Allereerst dank voor je email. Sorry dat het zo lang duurde totdat je eindelijk een antwoord van mij ontvangt.
Je opmerking is inderdaad een hele goede vraag. De Thora de schriftelijke en de mondelinge leer heeft deze vraag al veel eerder gesteld.
Toen het Joodse volk het Heilige land binnentrok zijn er inderdaad oorlogen geweest en volkeren zijn of gevlucht/of gedood. Hoe zit dat? Dit lijkt enorm onrechtvaardig. Wat is G’d onrechtvaardig?
Het antwoord is het volgende er is natuurlijk nog veel meer om uit te leggen en dat is een kwestie van diepgaande studie.
Het boek Jozua laat ons zien dat hij door God werd geboden om deze naties volledig uit het land te vernietigen, en dat deden ze in twee zuidelijke steden, Jericho (Jozua 6) en Ai (Jozua 8), en in ten minste één noordelijke stad Hazor. (Jozua 11) Alle drie deze steden werden door brand verwoest.

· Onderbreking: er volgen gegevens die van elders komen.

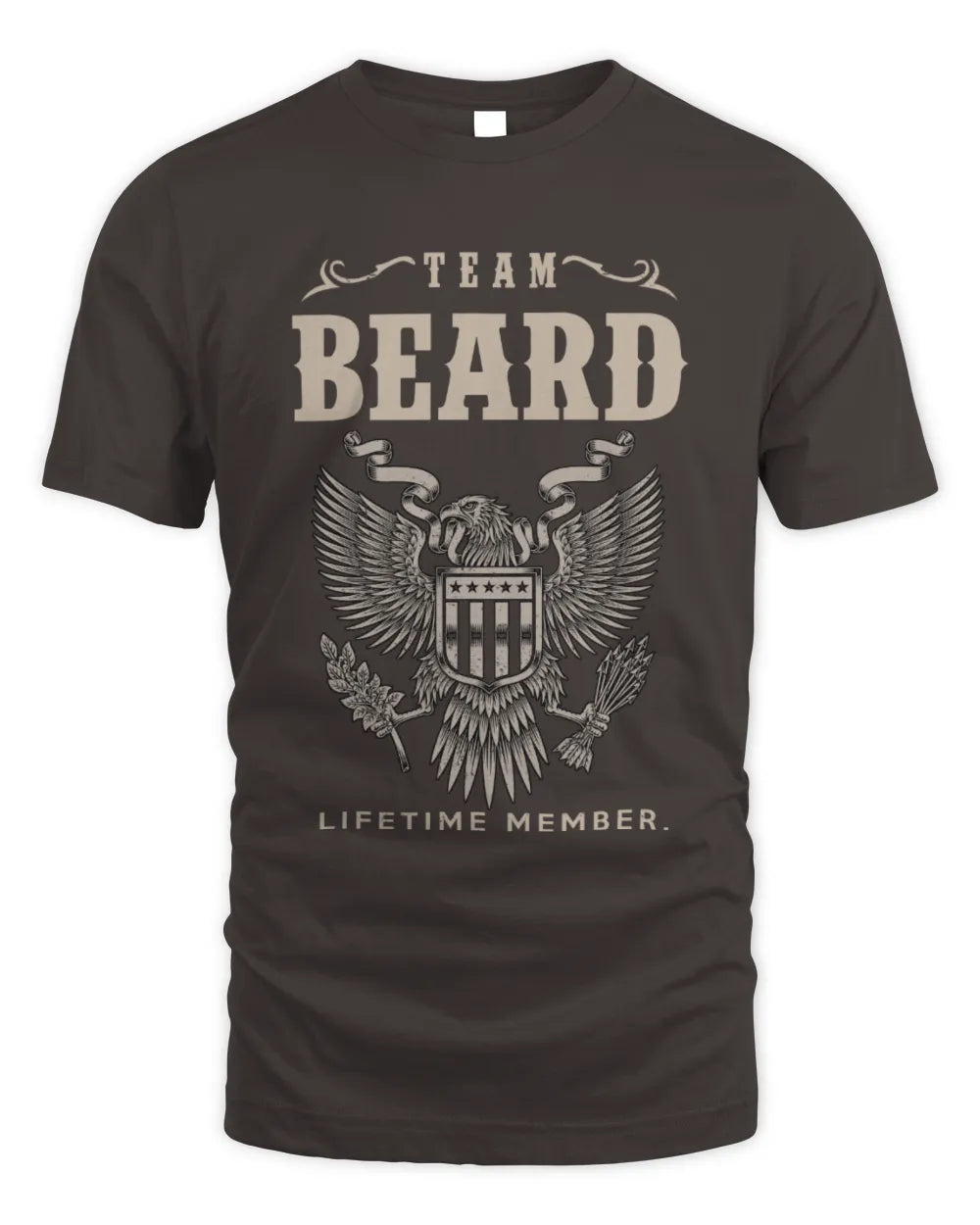 BEARD TP06-K82 – Personalized Classic Style Apparel “Team NAME Lifetime Member” - Unisex Standard T-Shirt - Dark Chocolate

Volgens de Bijbel was de cultuur van het land zo afschuwelijk, gewelddadig en bloeddorstig dat het te ver was gegaan om verlost te worden en verwijderd moest worden. Eén voorbeeld is het kinderoffer, dat in het land Kanaän een wijdverbreide praktijk was. Het levend verbranden van kinderen voor de afgodsmoloch is daar een voorbeeld van. De situatie was aanzienlijk slecht.
In sommige gevallen bleven de Kanaänieten naast de Israëlieten bestaan; in sommige gevallen vernietigden de Israëlieten hen. De strijd die veel mensen vandaag de dag voeren is: waarom zou G’d iets bevelen dat op een genocide lijkt?

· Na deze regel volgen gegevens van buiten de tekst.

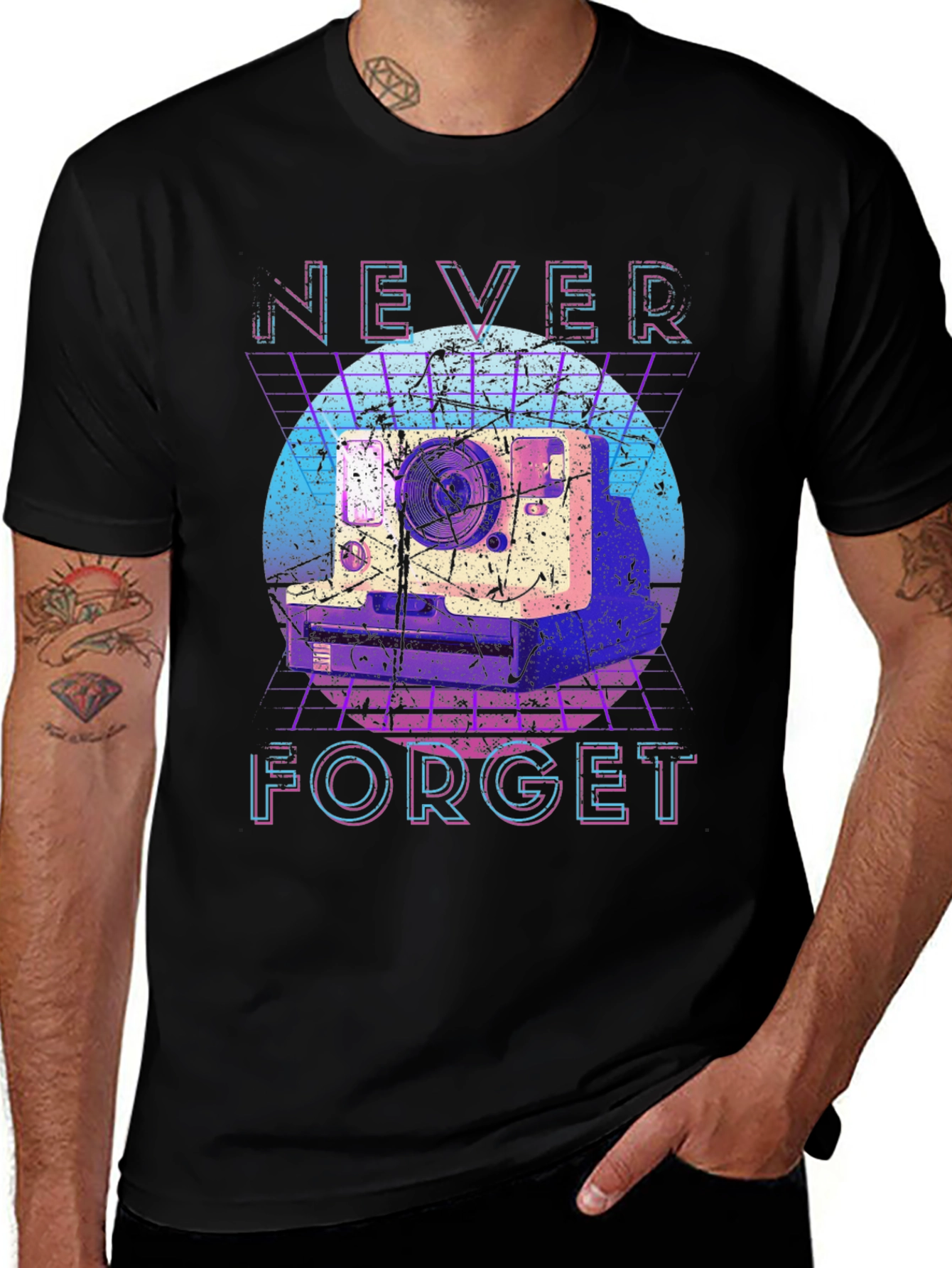 Retro Camera T-Shirt - Never Forget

Het Thora/Bijbel illustreert hoe G’d kwade praktijken haat – vergelijkbaar met het verhaal van Sodom en Gomorra en het verhaal van de ark van Noach, en herinnert ons eraan dat er een naderend oordeel voor alle mensen is.
Exodus 3:8: Ik ben neergedaald om hen uit de hand van de Egyptenaren te bevrijden, en om hen uit dat land naar een goed en groot land te brengen, naar een land dat overvloeit van melk en honing; naar de plaats van de Kanaänieten, de Hethieten, de Amorieten, de Ferezieten, de Hevieten en de Jebusieten.
Deuteronmium 7:1-5
1Wanneer de Heer, uw G’d, u in het land brengt waar u het in bezit gaat nemen, zal Hij vele volken voor uw ogen verdrijven: de Hethieten, de Girgasieten, de Amorieten, de Kanaänieten, de Ferezieten, de Hevvieten en de de Jebusieten, zeven naties die talrijker en machtiger zijn dan jij.
2En de Heer, uw G’d, zal ze aan u overleveren, en u zult ze verslaan. Je zult ze volkomen vernietigen; noch zult u een verbond met hen sluiten, noch genadig jegens hen zijn.
3Je mag niet met hen trouwen; u zult uw dochter niet aan zijn zoon geven, en u zult zijn dochter niet als uw zoon nemen.
4Want hij zal uw zoon ervan afhouden Mij te volgen, en zij zullen de goden van anderen aanbidden, en de toorn van de Heer zal tegen u ontbranden, en Hij zal u snel vernietigen.
5Maar zo zult u met hen doen: u zult hun altaren afbreken, hun monumenten verbrijzelen, hun asjerimbomen omhakken en hun gesneden beelden met vuur verbranden.
Deuteronmium 20:16-18
16Maar van de steden van deze volken, die de Heer, uw G’d, u als erfdeel geeft, mag u geen enkele ziel laten leven.
17U zult hen veeleer volkomen vernietigen: de Hethieten en de Amorieten, de Kanaänieten en de Ferezieten, de Hevvieten en de Jebusieten, zoals de Heer, uw G’d, u geboden heeft.
18Zodat zij u niet leren te handelen overeenkomstig al hun gruwelen die zij voor hun goden hebben gedaan, waardoor u tegen de Heer, uw G’d, zou zondigen.
We zien in de Thora/Bijbel dat het een duidelijke opdracht is van G’d omdat hun tijd voorbij is door de grote zonden die deze volkeren hebben gedaan.
Zo is het tot de dag van vandaag, de mensen / volkeren die veel zondes doen houden op te bestaan.